Randy, that equation is only defined for a static v.



So if you start changing v, the doppler effect stops until you
leave v alone for a while? How does the doppler effect know to stop
and start up again?


C'mon, Ben. Where did I imply that it stops and starts?
That equation just can't tell the whole story. Consider
that for v constant none of its motion is being imparted to
the wave that reaches the Rx but if it is oscilating, some
of it is. That has to make some difference in the net
effect beyond the predicted warble. That difference is
missing from the equation because it is a term which drops
out for dv/dt=0. Can I derive that yet, no. Am I sure
there are additional terms dependant on rate of change, or
multiplied by w if two tones, yes.


Seriously (or you can answer the above question seriously if you
like), do you have any reference for the equation being defined only
for v being static?


I'm still awiating Pierce's book wherin it is claimed that
it is derived for the fully dynamic case giving the same
result. All the derivations I somewhat remember from long
ago university freshman physics definitely assumed constant
v as a premise.

The main reason I'm working out the proof of why Doppler
mixing doesn't happen with a piston in a tube is that the
equation above will thus be violated.

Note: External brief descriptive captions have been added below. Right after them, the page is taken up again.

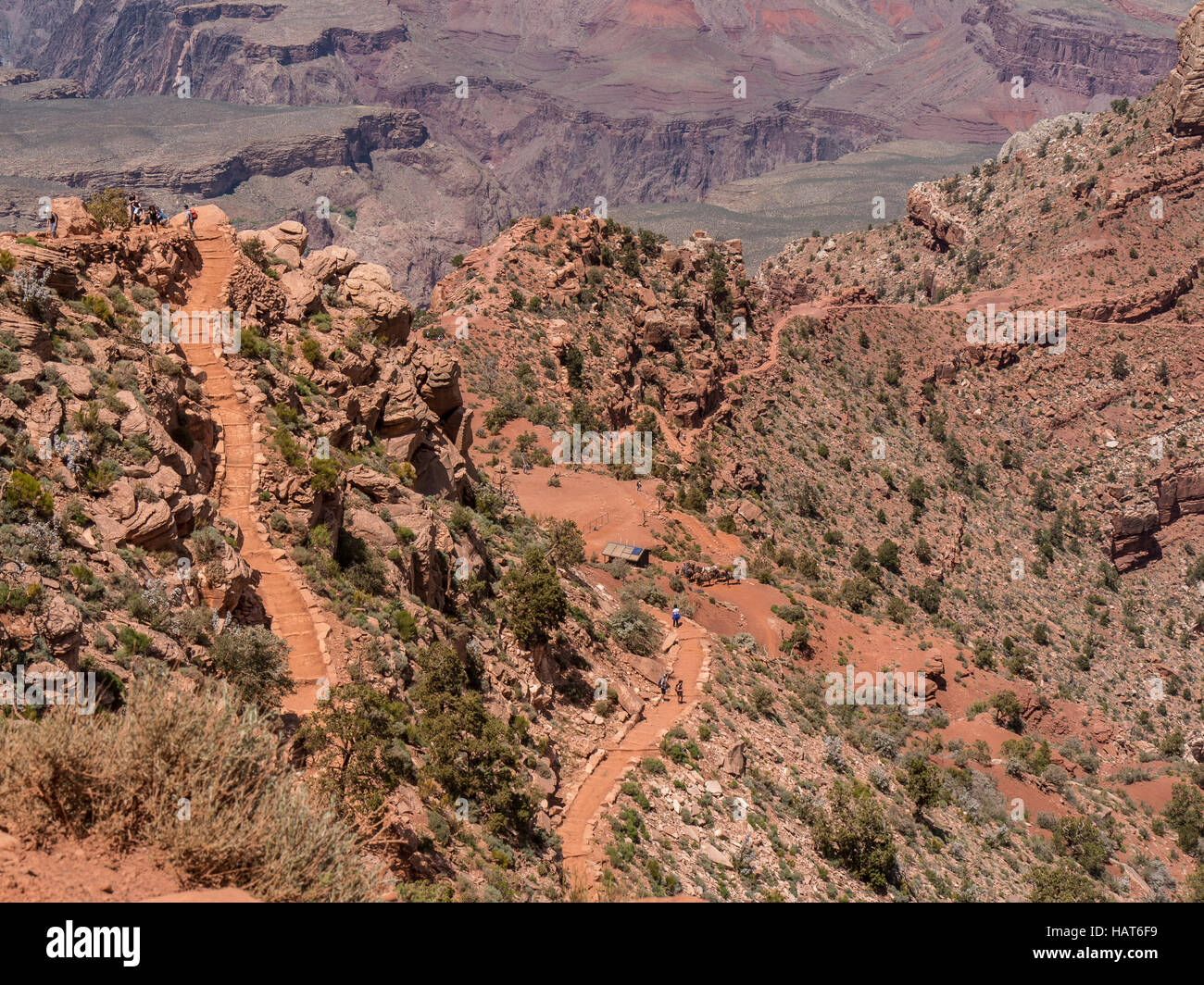 Guardando verso il basso sulla cresta di cedro, South Kaibab Trail, del Grand Canyon South Rim, Arizona. Foto Stock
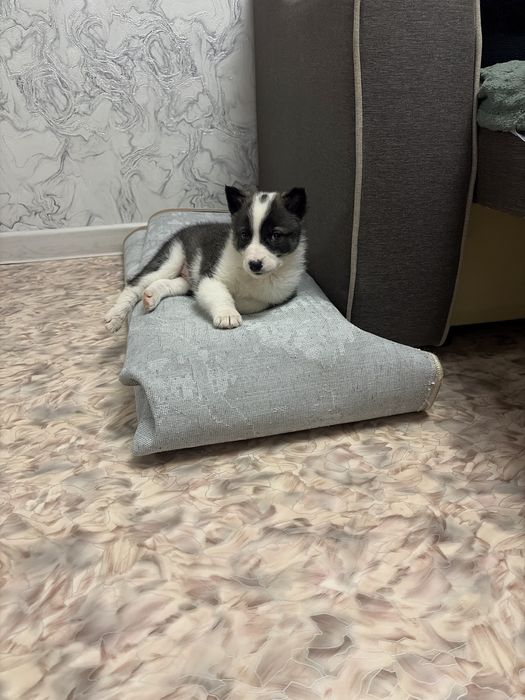 Отдам даром щенка лайка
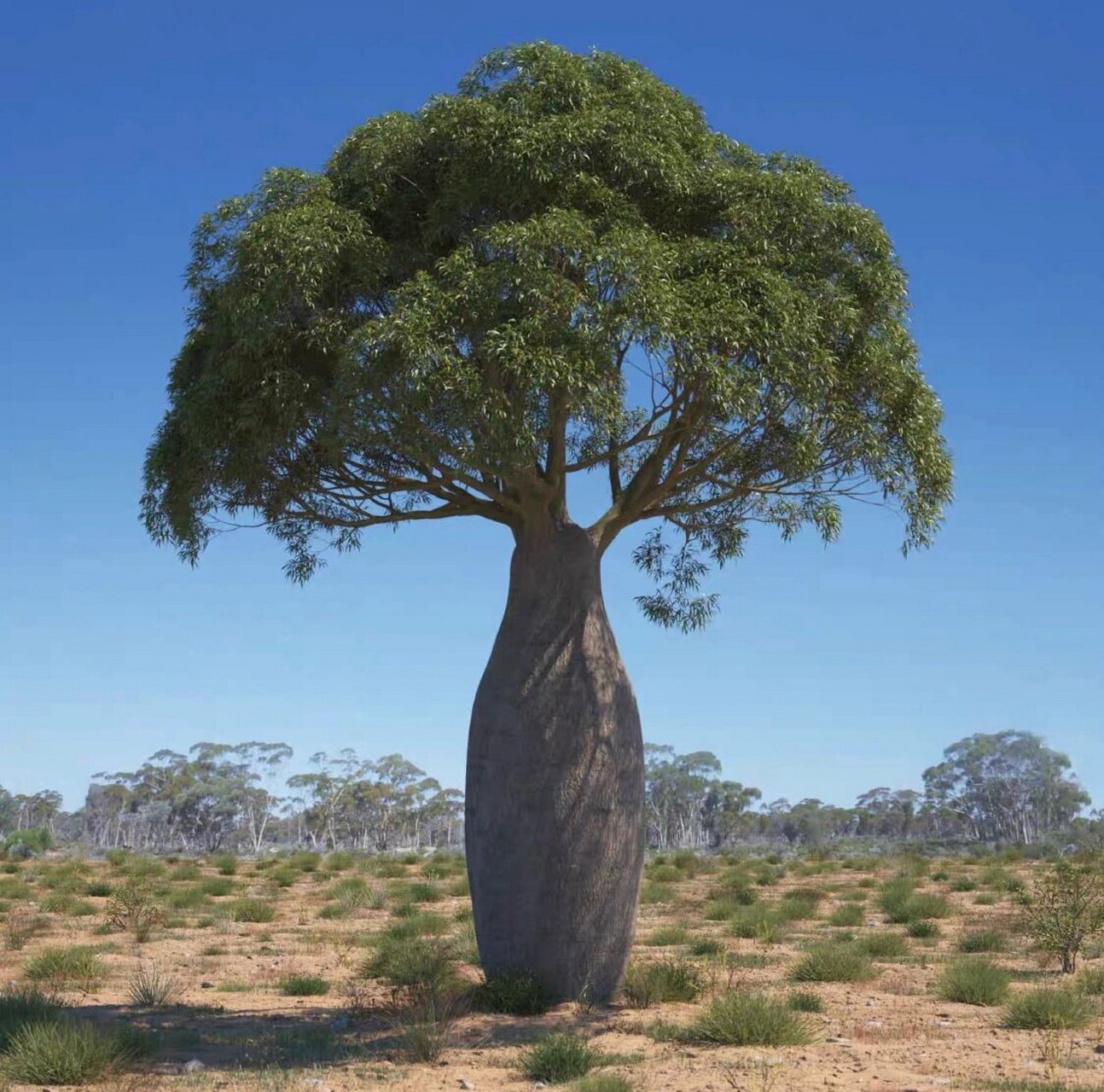 澳大利亚昆士兰瓶干树 岩生酒瓶树(学名:brachychiton rupestris (t.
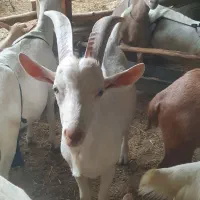 نر بز سانن اصل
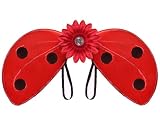 fairy wings for halloween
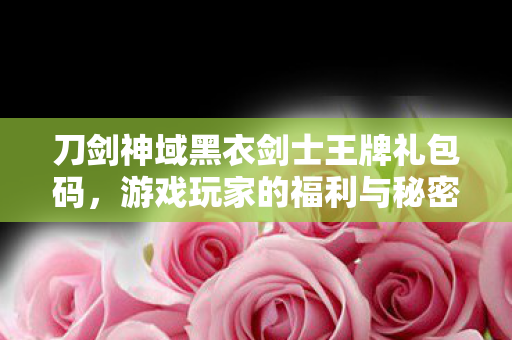 刀剑神域黑衣剑士王牌礼包码,游戏玩家的福利与秘密 刀剑神域黑衣剑士王牌礼包码,游戏玩家的福利与秘密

After it has ramped
up from a stationary position to where it is oscilationg
with a constant motion superimposed on it, and after that
ramping up has passed an observer at some distance from the
piston, he will see no change in frequency but instead the
same oscilation superimposed on a constant air velocity
(until the piston smacks him up 'long side the head if the
constant motion is toward him.)

I'm pretty sure I now have that proof but am sitting with it
a while instead of possibly jumping the gun again and I've
asked a few folks to sanity check it. Would you care to?


Bob
--

"Things should be described as simply as possible, but no
simpler."

A. Einstein